L’università moderna nacque nell’ottocento come parte della costruzione dello stato nazione. Wilhelm von Humboldt, fratello dell’esploratore Alexander e fondatore dell’università di Berlino (1810), ne è generalmente considerato l’ideatore. L’obiettivo dell’università humboldtiana era formare studenti impegnati a far progredire il sapere ma con una cultura nazionale condivisa, esperti di lingua, letteratura, geografia e storia tedesche. In altre parole, l’università doveva allo stesso tempo istruire e costruire la patria.
Analogamente, i primi stati nazione in America Latina considerarono l’educazione pubblica una priorità per creare una società civile istruita, in grado di prendere parte ai nuovi sistemi politici rappresentativi. All’inizio i governanti credettero che la chiesa cattolica, che aveva fondato le prime università e gestito tutte le scuole nel periodo coloniale, sarebbe stata un’alleata in questa impresa. Ma alla fine dell’ottocento la chiesa si era trasformata in una forte oppositrice del liberalismo politico. I governi latinoamericani allora promossero la laicizzazione dell’istruzione e fondarono università pubbliche amministrate dallo stato. In Messico il governo di Benito Juárez nel 1867 creò la Escuela nacional preparatoria, il primo sistema di istituti superiori del paese. Nel 1910 l’amministrazione di Porfirio Díaz fondò l’Università nazionale, che sostituì la Reale e pontificia università del Messico. La speranza era che la scuola preparatoria e l’università nazionale svolgessero un ruolo simile a quello che Humboldt aveva immaginato per l’università di Berlino: formare cittadini istruiti e fedeli alla nazione.

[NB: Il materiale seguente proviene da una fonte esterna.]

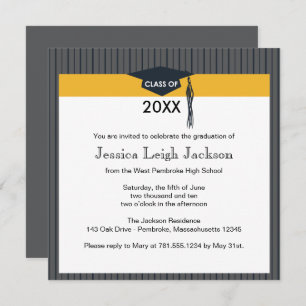 Black and Gold Graduation Cap Invitation
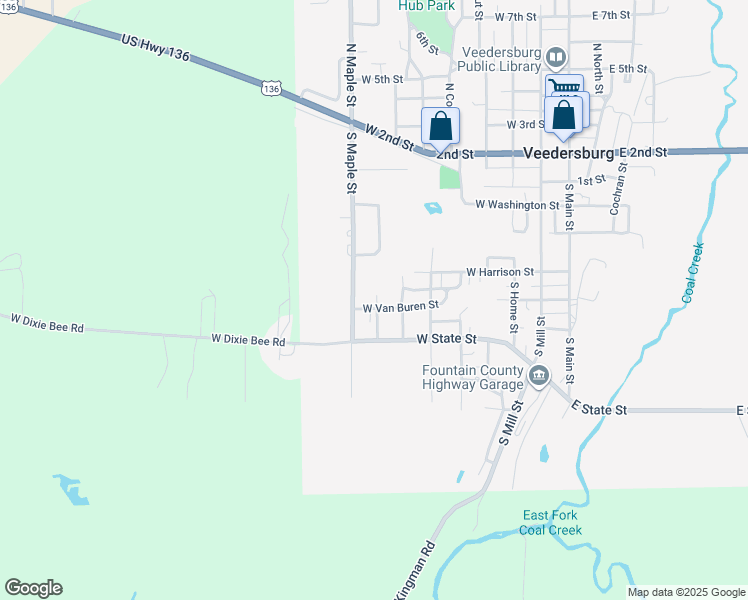 map of restaurants, bars, coffee shops, grocery stores, and more near 412 Helms Street in Veedersburg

Come ben osserva la storica statunitense Joan W. Scott nel suo libro Knowledge, power, and academic freedom, c’è sempre stata una tensione tra i due obiettivi del progetto universitario moderno. Da una parte, formare gli studenti da un punto di vista accademico vuol dire favorire lo sviluppo di capacità critiche, strumenti di analisi e competenze di scrittura. L’accademia è una comunità che opera secondo regole, metodi e standard comuni per valutare la qualità, la pertinenza e i contributi di un’argomentazione, di un progetto o di un testo in riferimento a una determinata cornice disciplinare. Il suo fine ultimo è mettere in discussione e criticare le conoscenze in nostro possesso e cercare novità che consentano di far progredire il sapere.
Dall’altra parte, l’università pubblica è finanziata dallo stato, che si aspetta che la ricerca e l’insegnamento universitari contribuiscano al bene comune della nazione. I prodotti accademici, in questa prospettiva, devono offrire qualcosa di tangibile ai cittadini, alle istituzioni nazionali e alla politica pubblica. Di conseguenza lo stato cerca di esercitare la sua influenza su chi insegna e fa ricerca per assicurarsi che i soldi investiti nell’accademia generino i risultati che ritiene necessari. Le università diventano allora spazi politici in cui si discutono la natura dei contributi che gli universitari devono offrire alla società e la definizione del bene comune nazionale.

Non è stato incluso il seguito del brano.